Computer scientists have grown increasingly alarmed that federal support for basic or "pre-competitive" research is being eroded by shifts toward applied research and shorter-term financing.
Earlier this year, MIT researchers announced several similar corporate-backed basic research efforts, and Carnegie Mellon University officials said they were working on similar arrangements.
The Berkeley researchers say that under the terms of their agreement with the three companies, the fruits of the research will be nonproprietary and freely licensed. Each company has agreed to support the project with $500,000 annually for five years. Although the companies are frequently rivals and only occasionally allies, they have concluded that they can operate most effectively by bringing technology innovations to market quickly.
Staffed initially by six UC Berkeley faculty members and 10 computer science graduates, the lab plans to develop an array of Web-based software services that will be given away to anyone who wants it.
Conceivably, the lab’s services could help launch another revolutionary company like online auctioneer eBay Inc. or even Google, which has emerged as one of the world’s most valuable companies just seven years after its inception in a Silicon Valley garage. It is interesting to have Google as one of the founding investors because one of the big questions the RAD lab is trying to address is, ‘How do you get the next Google out there?‘ said Greg Papadopoulos, Sun’s chief technology officer.
The lab already has created something highly unusual–a bond between Google, the maker of the Internet’s most popular search engine, and Microsoft, the world’s largest software maker.
The Berkeley lab’s founding director, David A. Patterson, is a veteran computer scientist who has led a variety of academic research projects that have had a significant impact on the computing industry since the 1980s.

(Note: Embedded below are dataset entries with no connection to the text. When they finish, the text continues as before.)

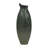 Leika Artistic Swirl Ceramic Flower Vase for Home Decor – Versatile Tall Vase Ideal for Shelf Accent, Dining Room Table, and Living Room Decor – Green-1259130260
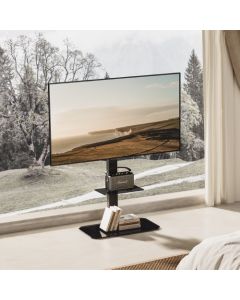 Golvstativ för TV med kabelfäste, 60 kg. 43" - 86"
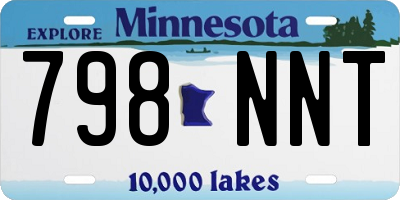 MN license plate 798NNT
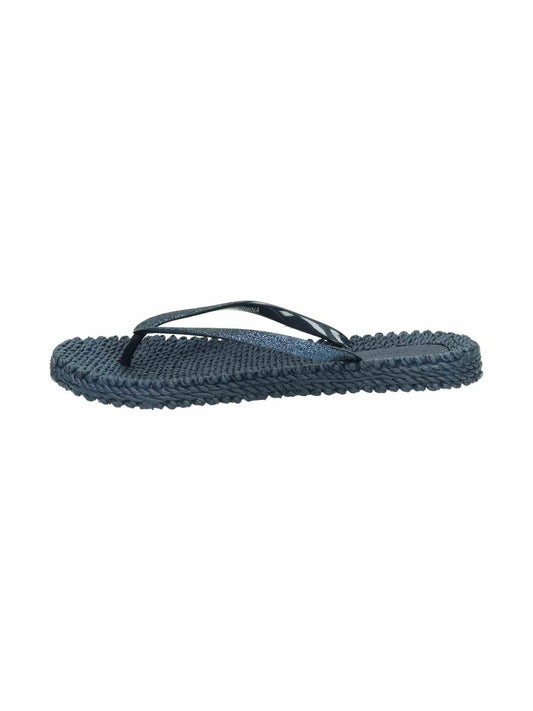 Flip Flop with Glitter indigo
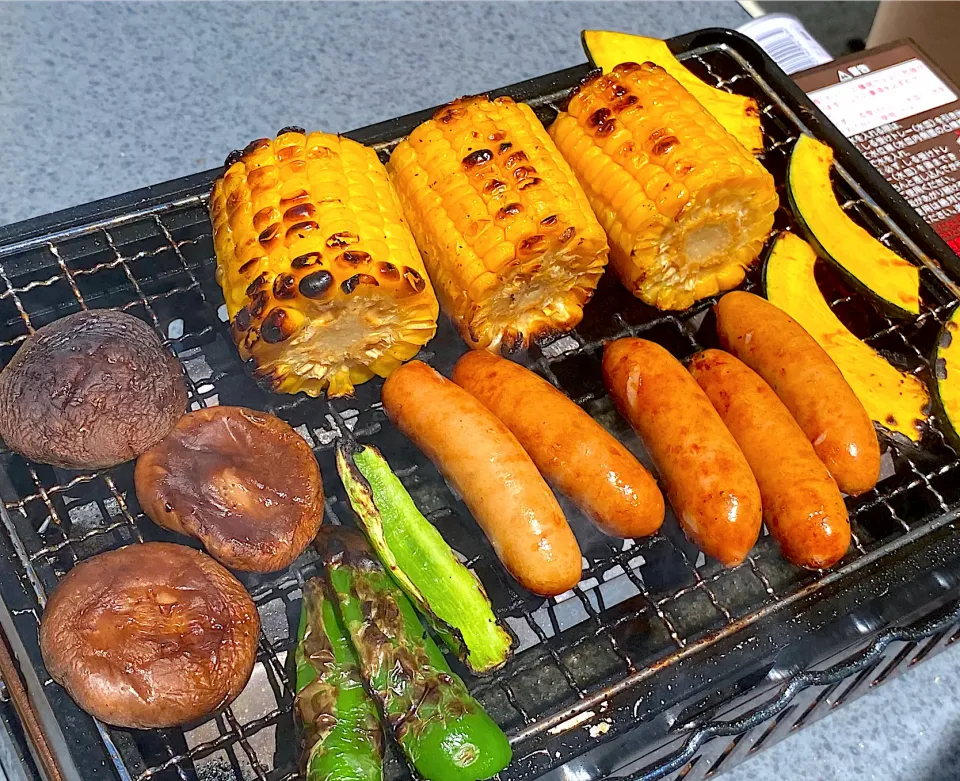 自宅の庭でBBQ|Kouji  Kobayashiさん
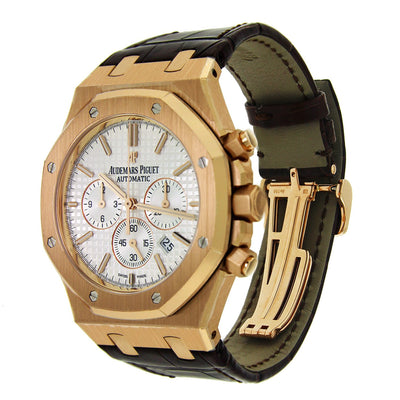 Audemars Piguet Royal Oak Chronograph with Brown Leather Strap 26320OR.OO.D088CR.01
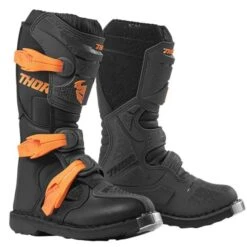 Thor Kids Blitz XP Charcoal Orange Boots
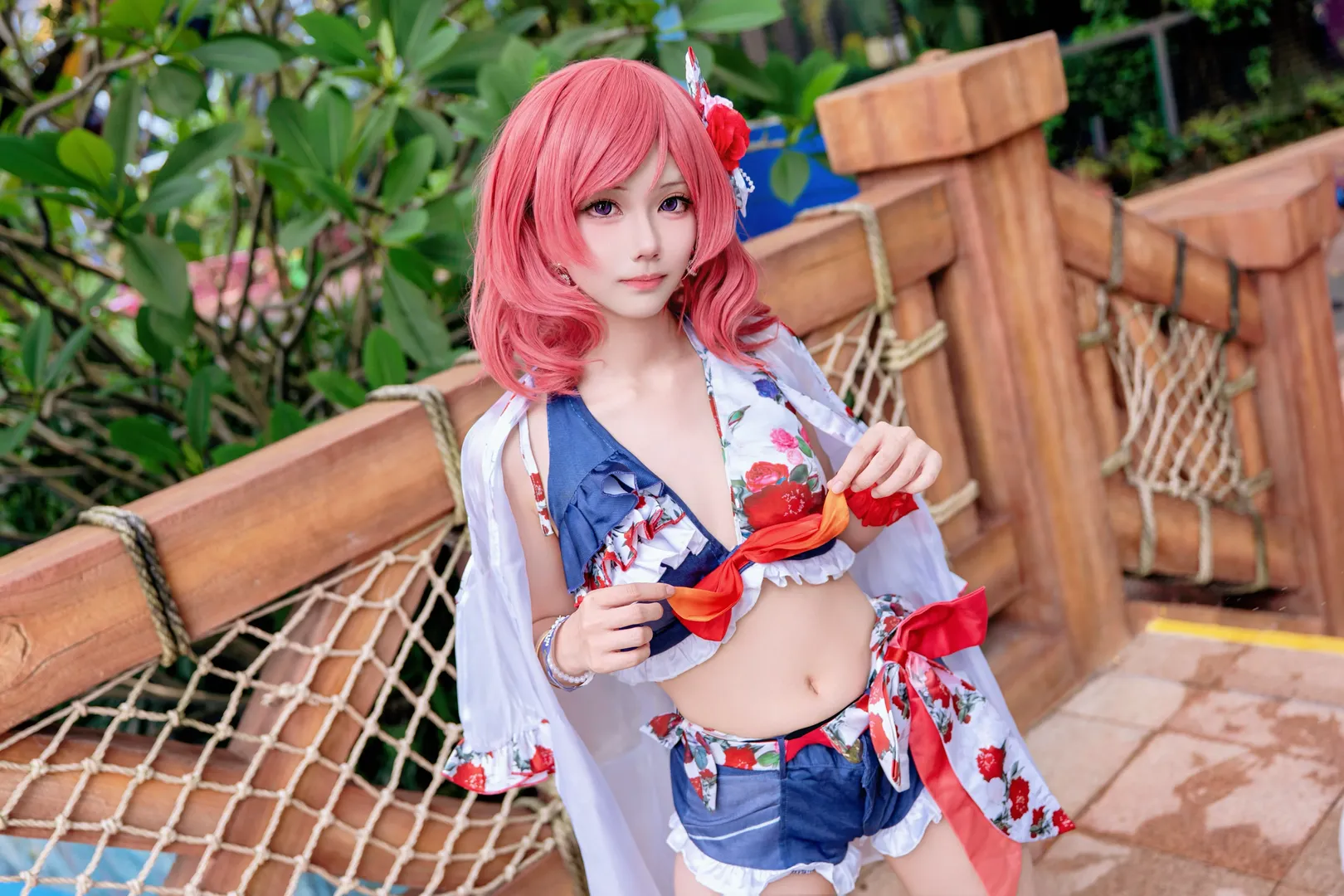 【西木野真姬cos】LoveLive!的夏日限定，泳装玩水大整活 - 第 9 张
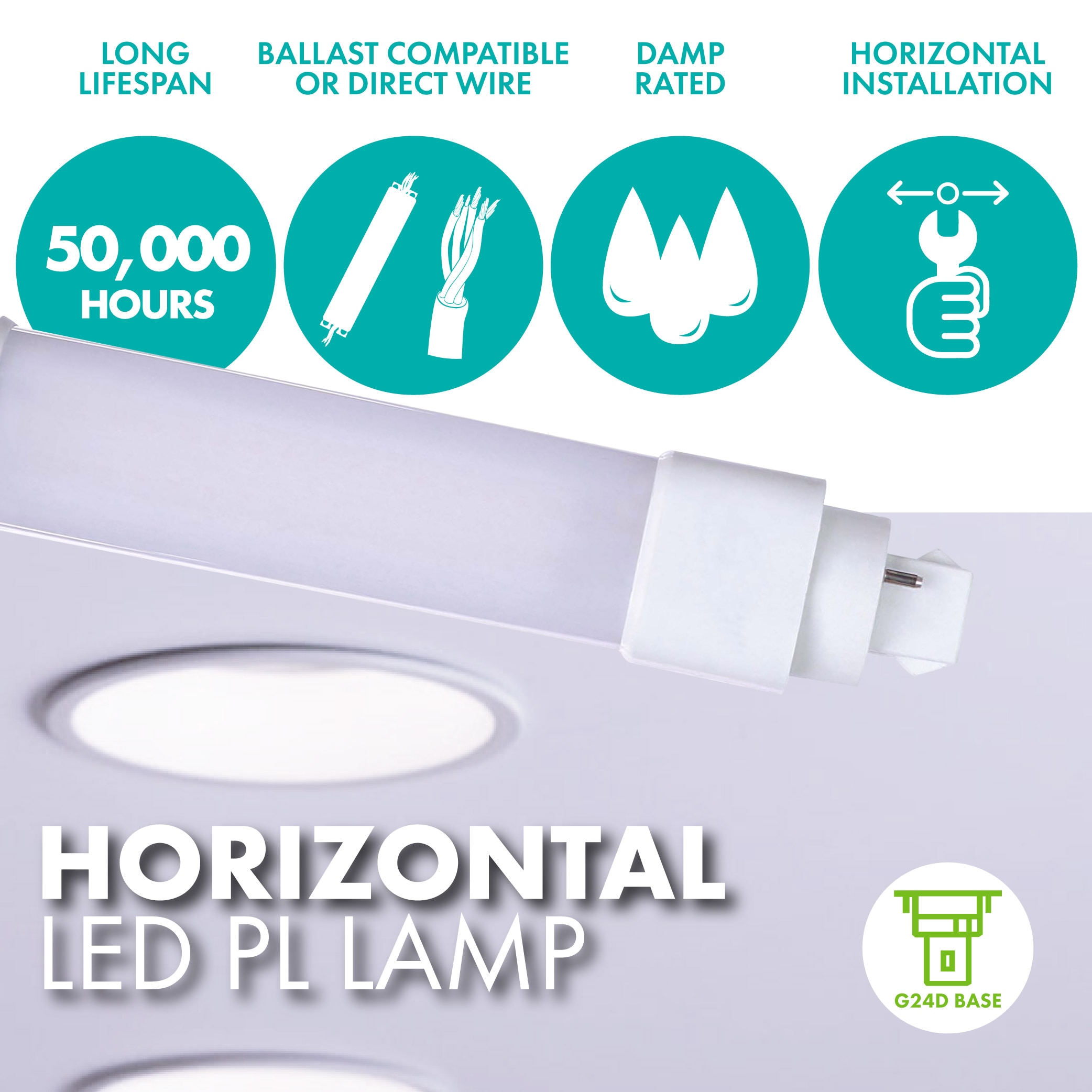 Simply Conserve L12PL50G24DH-4 Led-Lights - View #2
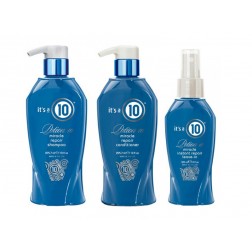 Its a 10 Potion 10 Miracle Repair Shampoo 10 Oz, Conditioner 10 Oz And Leave In Conditioner 4 Oz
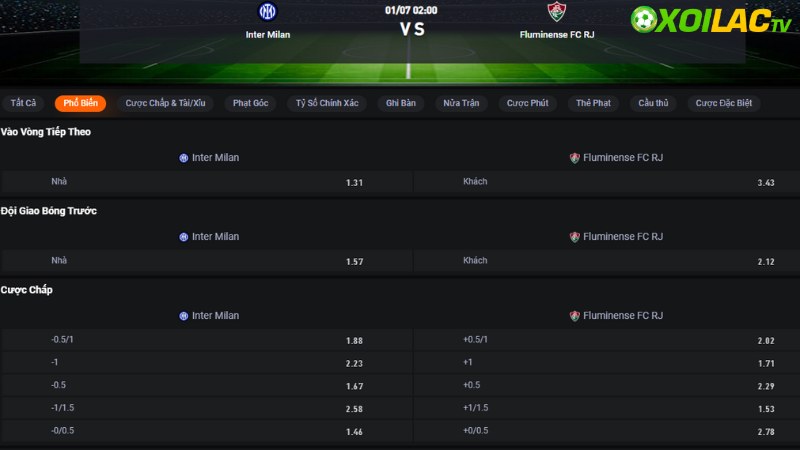 Inter vs Fluminense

Patterson, currently the president of the Association for Computing Machinery, a national technical organization, has recently been a vocal critic of the shift of basic research funds away from universities and toward military contractors.
We are trying to sustain the broad vision, high-risk and high-reward research model, said he was initially was worried about the friction, but "everybody was pretty mature about it," Patterson said of the new Berkeley effort.
The two are fierce rivals in search, and their behind-the-scenes rancor has been publicly aired in a recent Washington state court battle triggered by Google’s recent raids on Microsoft’s work force.
Microsoft senior researcher James Larus said the collaboration on RAD should not be seen as a truce.
We are not going into this with the idea that we are going to be collaborating with Google or that they will be collaborating with us, said Larus, who will be Microsoft’s primary liaison with the RAD lab.
Santa Clara, Calif.-based Sun Microsystems also has had a prickly relationship with Microsoft, although they have been getting along better since Microsoft last year paid Sun $1.6 billion to settle antitrust and patent infringement lawsuits.
In a statement, Google said it is excited to be involved in the lab and looks "forward to the exciting ideas and technology that will be developed there."
Sun and Google are highly collegial. In October, they formed a partnership to develop more software tools that might pose a threat to Microsoft’s dominant Office suite of word processing and spreadsheet applications.
UC Berkeley and other universities increasingly are turning to the private sector to help offset declines in spending by the federal government. Earlier this year, UC Berkeley stuck a deal with Internet powerhouse Yahoo Inc. to open a research laboratory devoted to online search.
High-tech companies have a huge incentive to help make up for lost government funding, said Larus, who got his doctorate from UC Berkeley.
We realize if research is not being done in university laboratories, he said, "then the pipeline of ideas and computer science graduates coming into our companies eventually is going to dry up."